▼▼▼

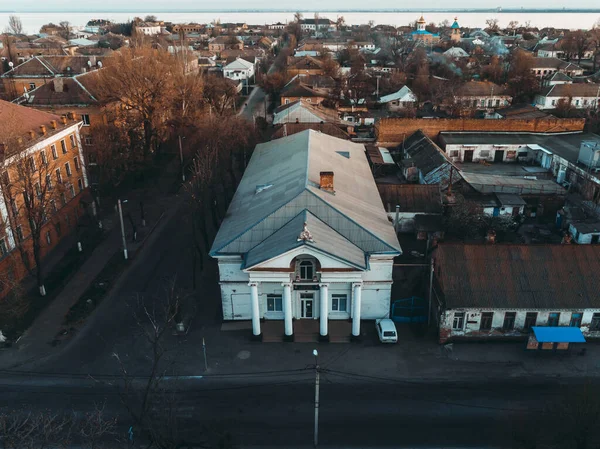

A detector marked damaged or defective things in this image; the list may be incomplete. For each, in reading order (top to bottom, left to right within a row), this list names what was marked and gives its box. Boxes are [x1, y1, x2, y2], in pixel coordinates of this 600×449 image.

rusty metal roof [434, 243, 600, 310]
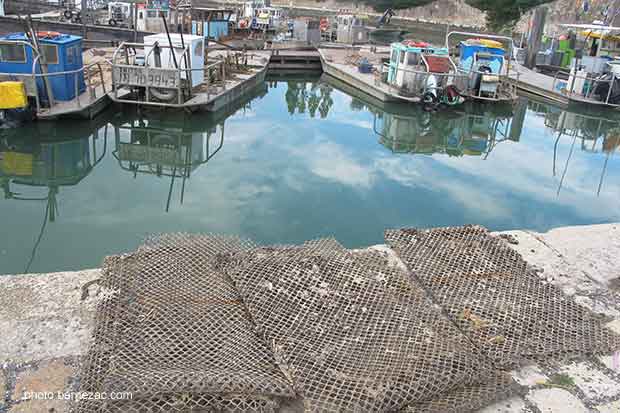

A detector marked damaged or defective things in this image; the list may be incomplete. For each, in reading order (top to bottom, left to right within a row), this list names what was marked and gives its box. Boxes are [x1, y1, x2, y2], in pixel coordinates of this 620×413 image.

rusty wire mesh [77, 233, 296, 410]
rusty wire mesh [223, 237, 504, 410]
rusty wire mesh [382, 225, 620, 366]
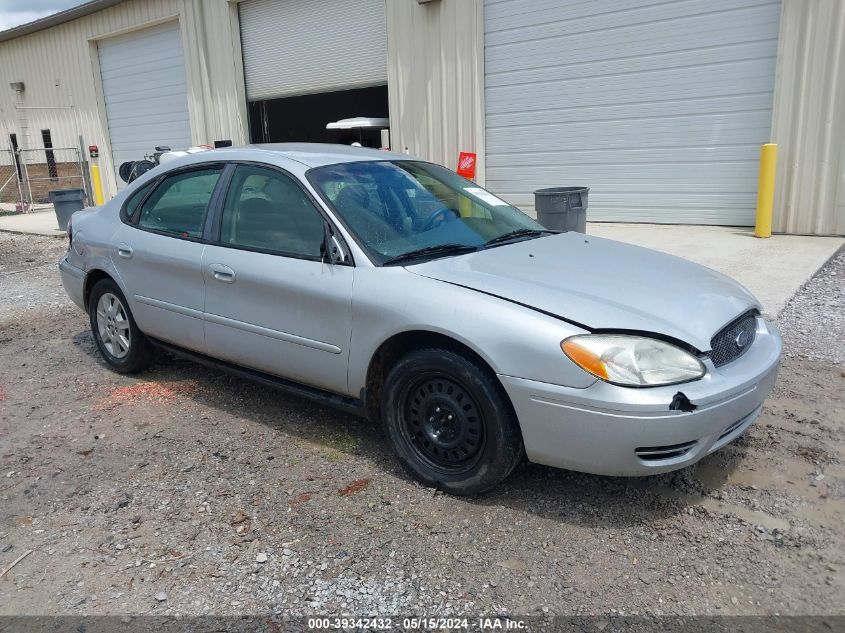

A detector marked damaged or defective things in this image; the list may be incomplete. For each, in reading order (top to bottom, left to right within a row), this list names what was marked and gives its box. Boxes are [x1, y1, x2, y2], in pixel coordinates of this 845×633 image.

damaged front bumper [498, 316, 780, 474]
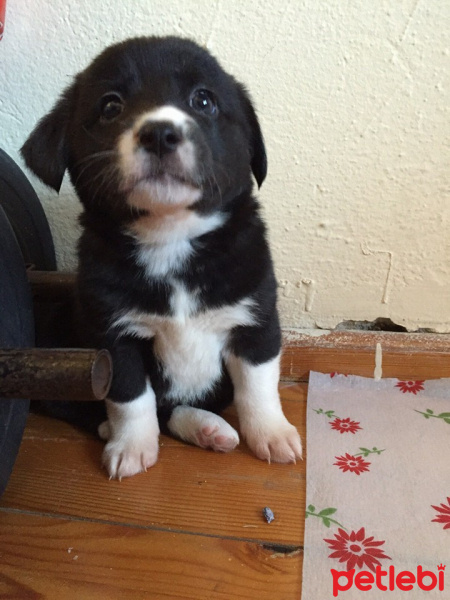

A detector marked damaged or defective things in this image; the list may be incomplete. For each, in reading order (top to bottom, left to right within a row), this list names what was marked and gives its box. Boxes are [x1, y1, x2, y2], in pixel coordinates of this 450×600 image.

peeling wall paint [1, 0, 448, 330]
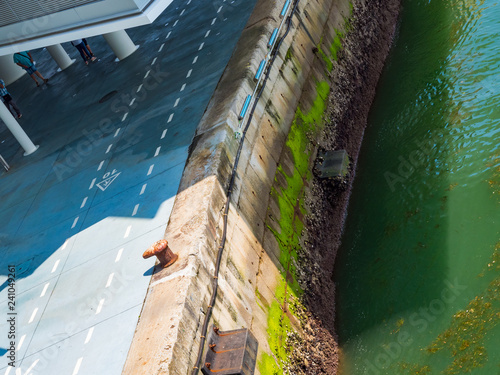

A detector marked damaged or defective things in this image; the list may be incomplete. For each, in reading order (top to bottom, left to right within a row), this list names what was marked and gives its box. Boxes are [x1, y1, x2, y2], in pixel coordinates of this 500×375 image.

rusty mooring bollard [142, 241, 179, 268]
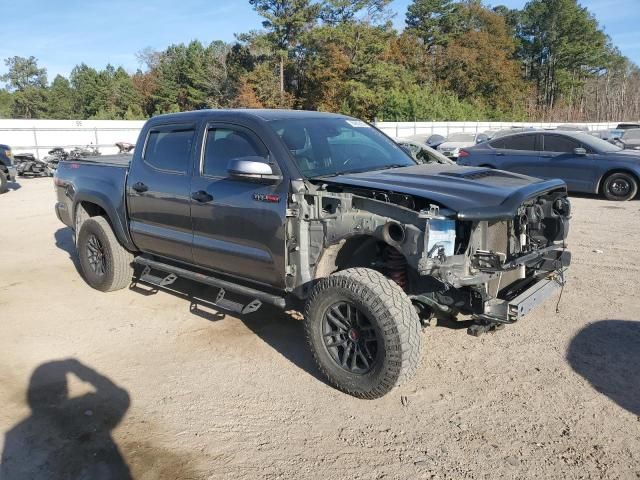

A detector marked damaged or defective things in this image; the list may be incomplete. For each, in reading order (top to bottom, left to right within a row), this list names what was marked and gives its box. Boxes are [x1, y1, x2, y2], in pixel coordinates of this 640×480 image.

damaged front end [288, 176, 572, 326]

▲▲▲

| ASSIGNMENT |
When you reach the line containing "this 450×600 image." in the entries above, please retype it and each line after it through the last one, exactly, without the pictures.

| RESULT BELOW |
A detector marked damaged or defective things in this image; the list may be incomplete. For each, in reading order (top to bottom, left to right within a row), this list names what was marked and gives its box. Boxes are [x1, y1, x2, y2], in pixel coordinates of this 450×600 image.

peeling wall paint [1, 0, 448, 330]

A detector marked damaged or defective things in this image; the list may be incomplete. For each, in reading order (top to bottom, left to right within a row), this list names what was marked and gives its box. Boxes are [x1, y1, x2, y2], in pixel coordinates of this 500×375 image.

rusty mooring bollard [142, 241, 179, 268]

A detector marked damaged or defective things in this image; the list may be incomplete. For each, in reading order (top to bottom, left to right within a row), this list names what was marked and gives its box. Boxes are [x1, y1, x2, y2], in pixel coordinates of this 640×480 image.

damaged front end [288, 176, 572, 326]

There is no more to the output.